**ABOUT THIS TASK**. Would you reproduce exactly, and only, the lines starting at the one with "Photo of Livingroom in Downtown Minneapolis" and ending at the last line of the data, with both included? Leave the pictures out.
START SOURCE RECORDS
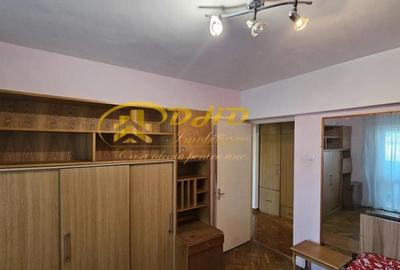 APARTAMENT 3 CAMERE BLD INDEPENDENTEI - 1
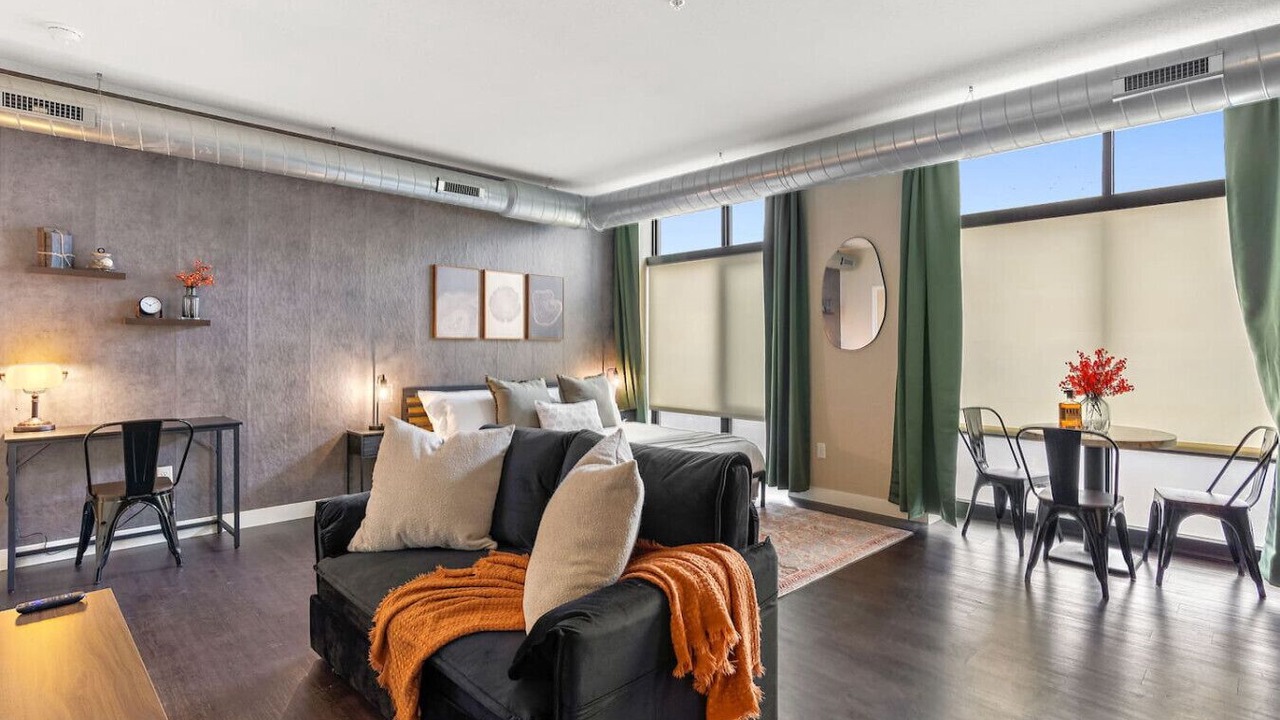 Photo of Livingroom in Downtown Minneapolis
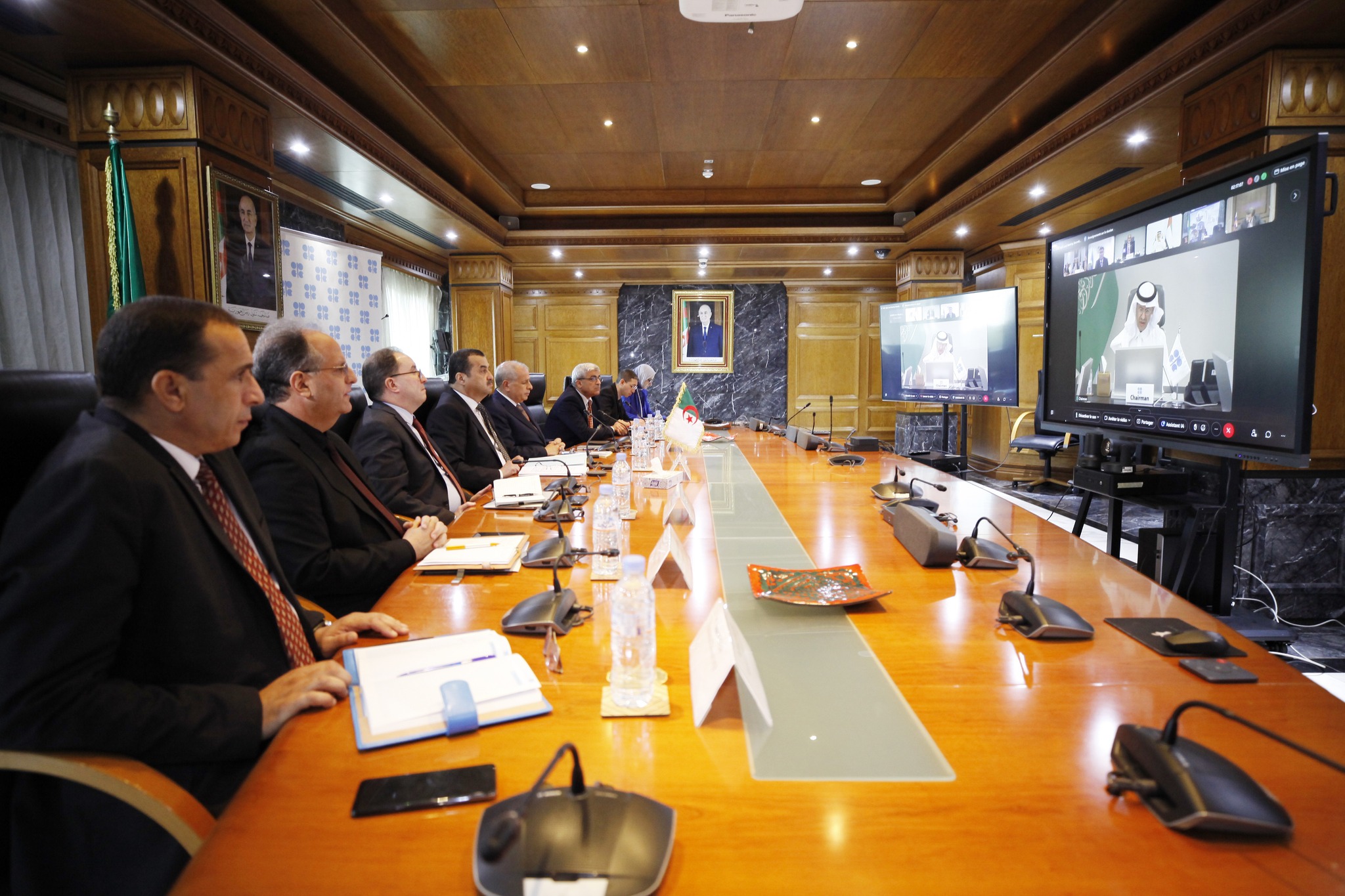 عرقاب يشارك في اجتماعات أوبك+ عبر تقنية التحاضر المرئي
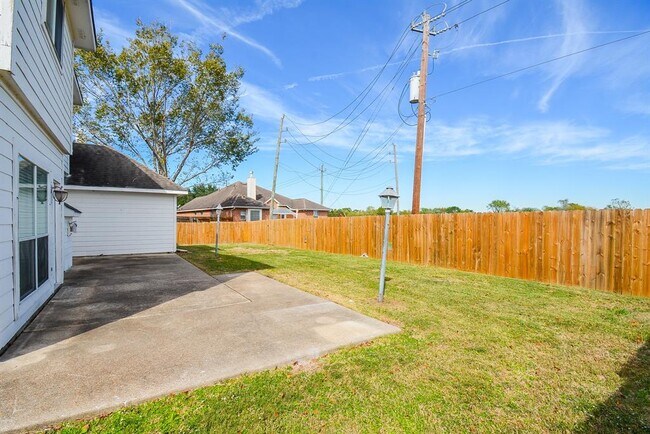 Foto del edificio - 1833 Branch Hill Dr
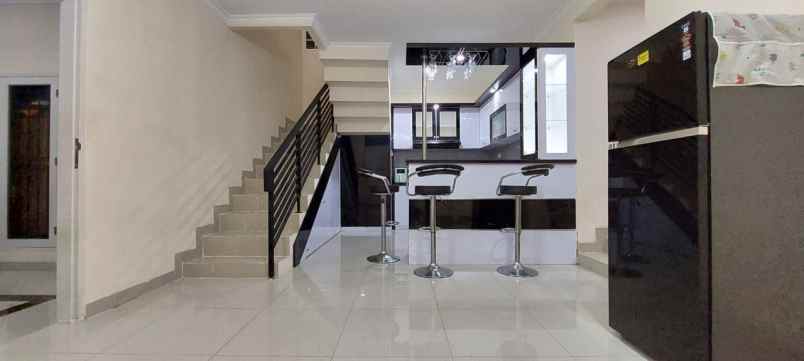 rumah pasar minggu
END SOURCE RECORDS
**ANSWER BOX**.
 Photo of Livingroom in Downtown Minneapolis
 عرقاب يشارك في اجتماعات أوبك+ عبر تقنية التحاضر المرئي
 Foto del edificio - 1833 Branch Hill Dr
 rumah pasar minggu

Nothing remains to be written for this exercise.